The full paediatric BLS sequence is for healthcare professionals with a duty to respond to paediatric emergencies (e.g. Emergency Department staff, paediatric doctors and nurses, paramedics). These people usually work in teams of two or more rescuers.
Members of the public with a responsibility for the care of children (e.g. teachers, lifeguards) should be taught the adult sequence with the paediatric modifiers (see note below). It is recognised, however, that there are other potential rescuers that fall between these two groups, where it is unclear which sequence is the more appropriate. The decision as to what should be taught may be made locally (e.g. by the Resuscitation Committee) according to circumstances and available resources. In coming to a decision, it may be helpful to ask the following questions:
- Are the providers healthcare professionals?
- Would they normally be expected to have to resuscitate an infant or child during the course of their work?
- Do they usually work in a team?
Generally, the full paediatric sequence and compression: ventilation ratio of 15:2 should be taught to those who give a positive answer to all three questions.

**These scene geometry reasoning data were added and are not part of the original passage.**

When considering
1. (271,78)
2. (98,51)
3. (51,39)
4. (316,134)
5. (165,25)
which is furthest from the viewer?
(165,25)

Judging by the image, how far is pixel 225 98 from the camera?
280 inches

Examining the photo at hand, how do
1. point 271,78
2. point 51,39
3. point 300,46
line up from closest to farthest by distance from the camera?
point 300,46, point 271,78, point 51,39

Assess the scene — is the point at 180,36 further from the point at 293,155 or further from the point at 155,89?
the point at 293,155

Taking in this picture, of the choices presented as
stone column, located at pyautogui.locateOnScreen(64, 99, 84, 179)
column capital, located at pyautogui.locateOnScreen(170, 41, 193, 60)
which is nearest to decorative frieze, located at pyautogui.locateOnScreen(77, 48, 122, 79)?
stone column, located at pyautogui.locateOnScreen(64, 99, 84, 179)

General practitioners, health visitors, and school nurses, for example, are healthcare professionals working with children, but they often work alone. Although they may have to resuscitate a child, this would be a very unusual event and they are more likely to have to resuscitate a parent or grandparent. It would be sufficient to teach these groups the adult sequence of 30:2 with the paediatric modifiers unless they expressed a particular wish or interest to learn the full paediatric sequence.
Mental Health nurses working in child mental health units are healthcare professionals working in teams of two or more. Although it would be unusual in most such units to have to resuscitate a child, some may treat high-risk children (such as those with severe anorexia nervosa) so it would be reasonable to allow training decisions to be based on local circumstances.
Modifications to the adult BLS sequence of 30 compressions: 2 ventilations that will make it more suitable for use on children:
- Give 5 initial breaths before starting chest compressions.
- If on your own, perform CPR for approximately 1 minute before going for help.
- Compress the chest by one-third of its depth, approximately 4 cm for an infant and approximately 5 cm for an older child. Use two fingers for an infant under one year; use one or two hands for a child over one year to achieve an adequate depth of compression.